Is there precedent for a language that allows the "early return" pattern to go between function call boundaries?

This is a form of non-local control-flow. There are many languages which have some form of non-local flow. The most common types of non-local control flow are:

• GOTO / JMP: allows you to jump from anywhere to anywhere, violating / ignoring any sort of subroutine / module / component / object boundary.
• call-with-current-continuation. A continuation is a reification of the control flow context. You can think of it as "all the work that is still left to do". call/cc is essentially the functional programming equivalent of GOTO, and is equally powerful.
• If your language has closures and proper tail calls, you can write your program in continuation-passing-style, which allows you to use continuations manually even in languages that don't support them.
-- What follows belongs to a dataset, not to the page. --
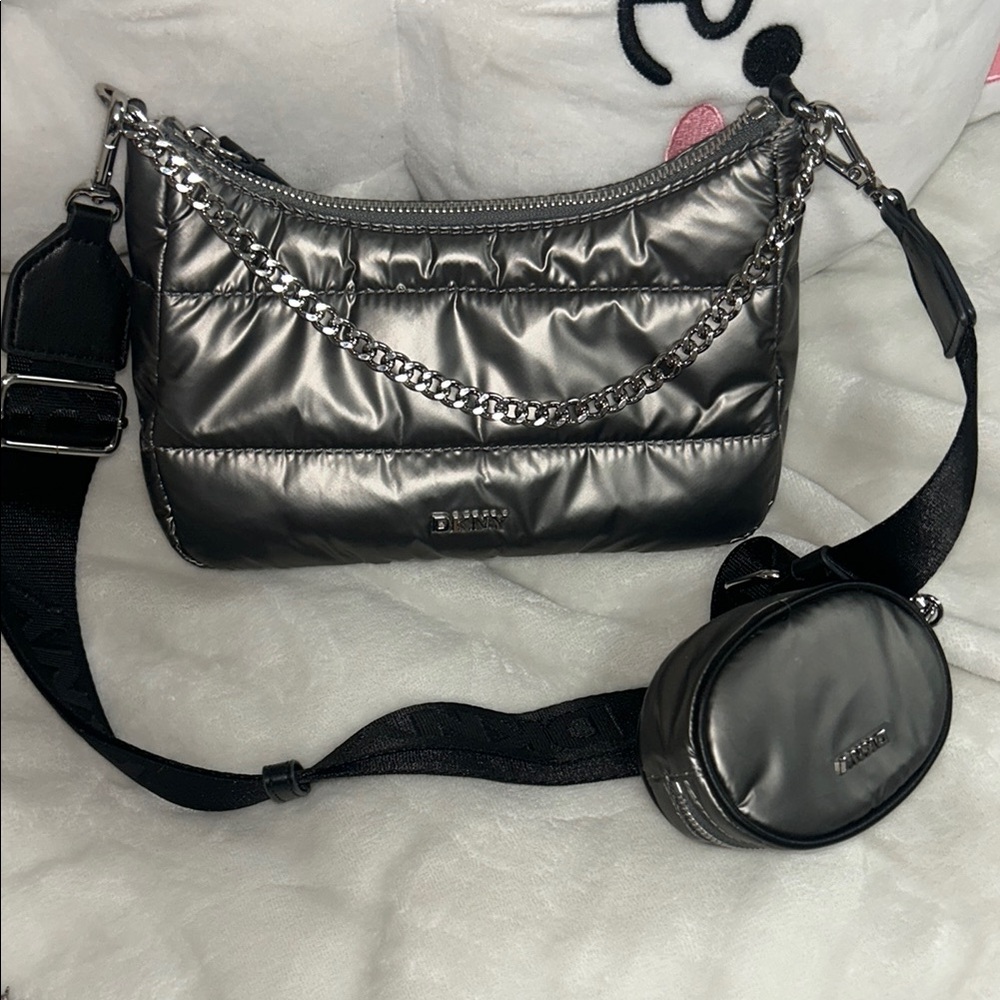 DKNY purse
• Exceptions. It turns out, exceptions can be as powerful as call/cc, which means they can be as powerful as GOTO: if you have exceptions, you can implement continuations yourself. Microsoft had a research project a long time ago called Volta which compiled .NET bytecode to ECMAScript source code. Since .NET supports multi-threading and ECMAScript doesn't (this was long before Node.js, Promises, Web Workers, etc.), they actually implemented .NET Threads using ECMAScript exceptions! (In fact, they used ECMAScript exceptions to implement continuations, and then used those continuations to implement all other non-local control flow supported by .NET.)
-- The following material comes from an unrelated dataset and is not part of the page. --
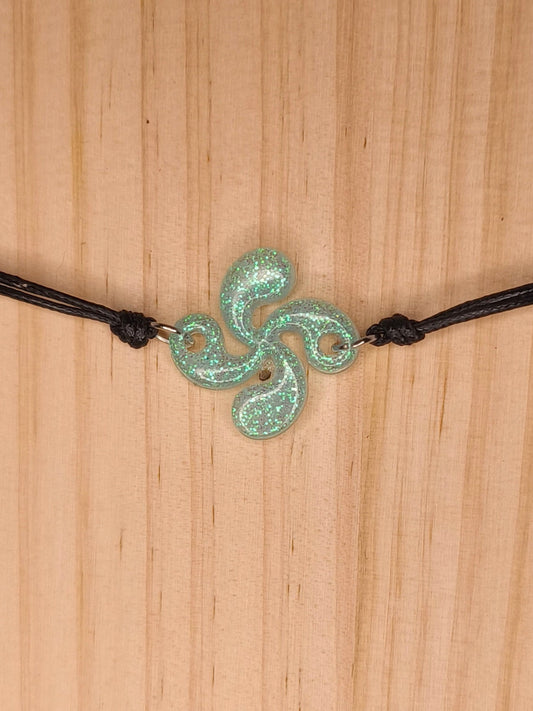 Bracelet "Saioa"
• Ruby has throw / catch which allows you to throw a very lightweight object (a Symbol) from one method or block and catch it somewhere else along the stack. It is essentially exceptions (which Ruby also supports) but much more lightweight, since there is no data attached to the symbol.
• Depending on what you need to do, Coroutines may be enough. They are not universally powerful like GOTO, but for many use cases, they are powerful enough.
• A C#-style async / await implementation can be "abused" as coroutines. I believe this applies to at least C# (and VB-NET) itself, ECMAScript, and Python.
• Some languages have a reified call stack. In some Smalltalks, for example, the call stack is just a regular object you can manipulate. This allows you to implement continuations or any other form of control flow yourself.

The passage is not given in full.